I am replicating an imputation procedure for a household survey, and I'm struggling to find a elegant coding solution for bracketed responses. Some respondents do not provide an exact dollar amount for their income, but they do provide a bracketed response.

In the stylized example below, the wages_bkt and retirement_bkt are the bracketed versions of wages and retirement, respectively. A bracket code of 1 corresponds to a $0 to $1,000 bracket range and 2 to over $1,000. I've already calculated bracket codes for the nonmissing responses.

For the observations missing values, I need to take a random draw from the valid values that fall within the bracket range specified for that observation and income type, e.g. for the household with $1,500 in wages and missing retirement income, I need to randomly draw a retirment income value from the valid retirement income reports that fall in bracket 2.

In my scratch code below, I:
  1. Rank the nonmissing values within each bracket range (I eventually plan to generate a random value and calculate within bracket rank by that number)
  2. Generate variables with the total number of valid responses from which we can draw for wages and retirement
  3. Draw a random number between 1 and the (bracket-level) number of valid reports, for observations with missing reports
I get the results at the bottom of the code. For the observation missing both wages and retirement, I want to pull the 2nd ranked wage value from the 2nd wage bracket, or $1,500. Ideally, I would do this without any file I/O (i.e.
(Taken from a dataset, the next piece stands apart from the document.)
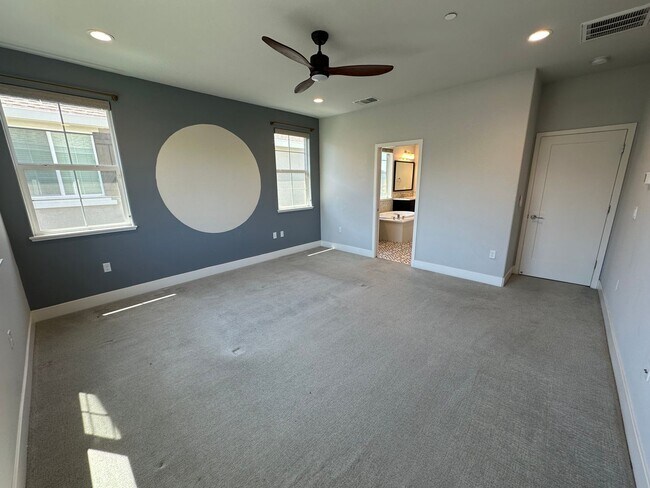Building Photo - Stunning 4 Bedroom, 3 Bath Mountain House Home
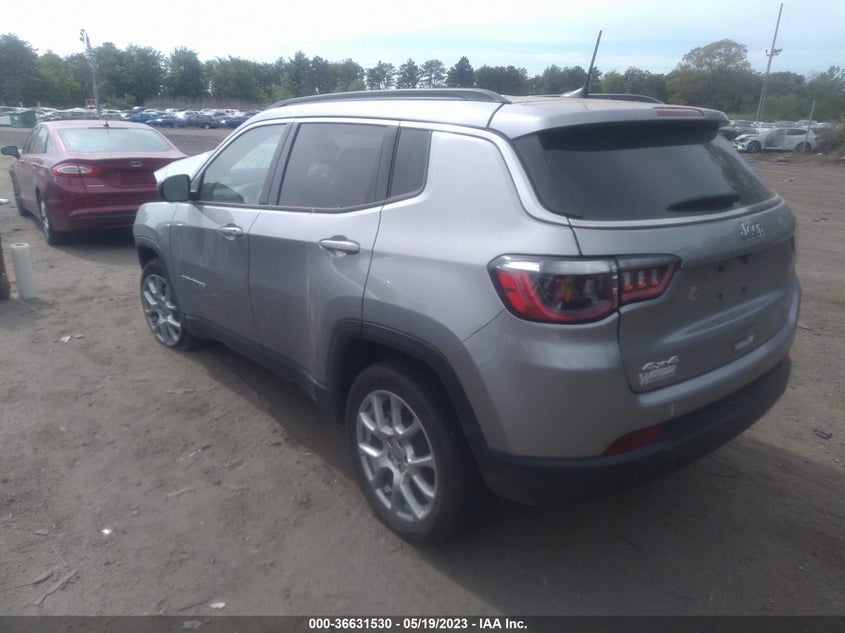 VIN 3C4NJDFB3NT178689 2022 JEEP COMPASS LATITUDE LUX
I'm hoping to avoid building a reference of valid values I merge back onto the observations missing data). I need to take 5 separate draws for each variable across ~20 variables (and store the data in a wide format). Further, I need to use a rolling 2-year sample across many quarters. I'm concerned that a solution relying on a lot of file I/O might prove quite inefficient.

Does anyone have any ideas how I might pull the valid values from the observations identified by the *_pull_from and *_bkt variables into the observations with invalid values in the example below? Or does anyone have an altogether different solution? I'm replicating an existing imputation procedure, so I'm constrained on the methodology. Thank you!

Code:
* Example generated by -dataex-. To install: ssc install dataex
clear
input int(wages retirement wages_bkt retirement_bkt)
 500 1100 1 2
 900  300 1 1
3000  600 2 1
2600  800 2 1
4600 1100 2 2
 700  400 1 1
 400 1100 1 2
1200 1700 2 2
1500    . 2 2
   .    . 2 1
   . 1200 1 2
end

bysort wages_bkt: egen w_rank = rank(wages) if !missing(wages), unique
bysort retirement_bkt: egen r_rank = rank(retirement) if !missing(retirement), unique

bysort wages_bkt: egen w_num_valid = max(w_rank)
bysort retirement_bkt: egen r_num_valid = max(r_rank)

set seed 123
gen w_pull_from = floor(runiform()*w_num_valid) + 1 if missing(wages)
gen r_pull_from = floor(runiform()*r_num_valid) + 1 if missing(retirement)

*Results in:
clear
input int(wages retirement wages_bkt retirement_bkt w_rank r_rank w_num_valid r_num_valid w_pull_from r_pull_from)
3000  600 2 1 4 3 5 4 . .
2600  800 2 1 3 4 5 4 . .
   .    . 2 1 . . 5 4 2 4
 900  300 1 1 4 1 4 4 . .
 700  400 1 1 3 2 4 4 . .
1200 1700 2 2 1 5 5 5 . .
1500    . 2 2 2 . 5 5 . 4
 400 1100 1 2 1 1 4 5 . .
 500 1100 1 2 2 3 4 5 . .
   . 1200 1 2 . 4 4 5 3 .
4600 1100 2 2 5 2 5 5 . .
end